A 61-year-old male mulatto patient, who was an ex-smoker, looked for medical assistance with fever, simple dyspnea and atypical thoracic pain. The physical test was unspecific, however, a simple chest radiological study identified accentuated enlargement of the mediastinum. A helicoidal tomography of the thoracic aorta diagnosed an aneurism justifying surgery intervention.
An anterolateral bi-thoracotomy in the 4th intercostal space was performed with the patient in the dorsal decubitus position slightly inclined to the right, enabling access to all the mediastinum and to the aortic arch, up to the distal third of the descending aorta (Figure 1A).
The establishment of cardiopulmonary bypass was achieved by right subclavian artery and the venous drainage was by a single cannula in the right atrium. Cerebral protection during the period of total circulatory arrest, was obtained by profound hypothermia (18ºC) associated with topical cooling of the head with ice and selective anterograde perfusion through the right carotid artery. Thus, it was possible to place a Dacron tube from the ascending aorta to the distal portion of the descending aorta, with the re-implantation of the great vessels in the tube (Figures 1B and C).
In the postoperative period, initially the patient had difficulties on attempting to remove the mechanical respiratory assistance due to ventilatory disturbances, secondary to left phrenic paralysis, caused by an iatrogenic lesion due to the extensive involvement of the dilatation. The patient was successfully extubated on the 5th postoperative day and was released from hospital on the 15th postoperative day.
Fig. 1 - A - Intra-operative aspect of the bi-thoracotomy surgery incision; B- Intra-operative photography of the final aspect of surgical substitution of descending aorta, aortic arch and part of ascending aorta with the re-implantation of great vases; C - Size of the intraluminal thrombus involved in the aneurism
Fig. 2 - A- Chest radiography taken in the preoperative period that shows a large growth in the medial and upper mediastinum, invading the left hemithorax. B- Helicoidal tomography of the thoracic aorta, demonstrating the final aspect of reconstructed thoracic aorta
A chest helicoidal tomography in the late follow-up showed a complete correction of the underlying disease (Figure 2B) that had been identified in the initial radiography (Figure 2A).
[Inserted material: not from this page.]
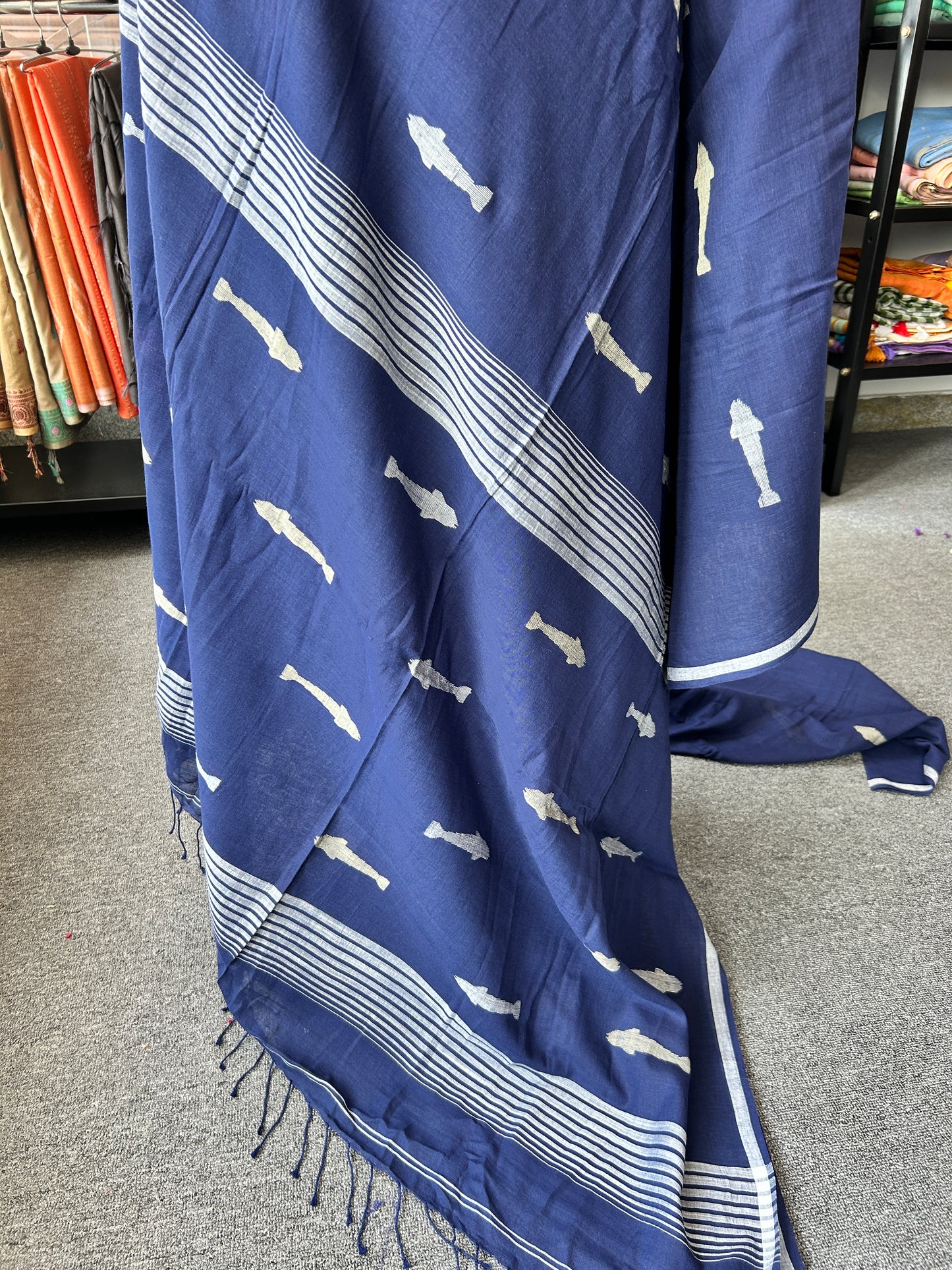 BLUE KHADI JAMDANI SAREE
Aneurisms of descending aorta, because of their anatomic localization in the thorax, tend to evolve asymptomatically and when present, the symptoms are related to rupture, dissection or the involvement of adjacent structures. Patients can present dysphonia - when there is involvement of the recurrent laryngeal nerve, respiratory insufficiency, hemoptoic episodes or hemoptysis secondary to the pulmonary involvement and dysphagia or hematemesis with esophageal involvement. Their incidence is 10 cases in every 100.000 inhabitants/year  with a tendency to increase due to the increase in the life expectancy in the Brazilian population.
The slow evolution permits growth to a large size, without diagnosis. The recommended surgery will depend on the symptoms and on the cross-sectional diameter of the aorta and/or on its growth when asymptomatic .
The operative technique to approach the aorta through anterolateral bi-thoracotomy with transverse sternotomy was recently presented by Kouchoukos et al.  in patients submitted to reoperation for the correction of the Stanford type A aortic dissection. According to the authors, the technique gives a best access of the dilated segment of aortic arch, descending aorta and great vessels.
When the aneurism does not compromise the aortic arch, large aneurisms can be approached using left thoracotomy or thoracophrenolaparotomy, with similar techniques of protection against spinal cord and cerebral ischemic lesions [4-6].
The antero-lateral bi-thoracotomy by transverse sternotomy provides an option of surgery intervention in a single stage, amplifying the access to the thoracic aorta and allowing total correction of the disease with great speed and thus is a decisive factor in the good evolution of these patients.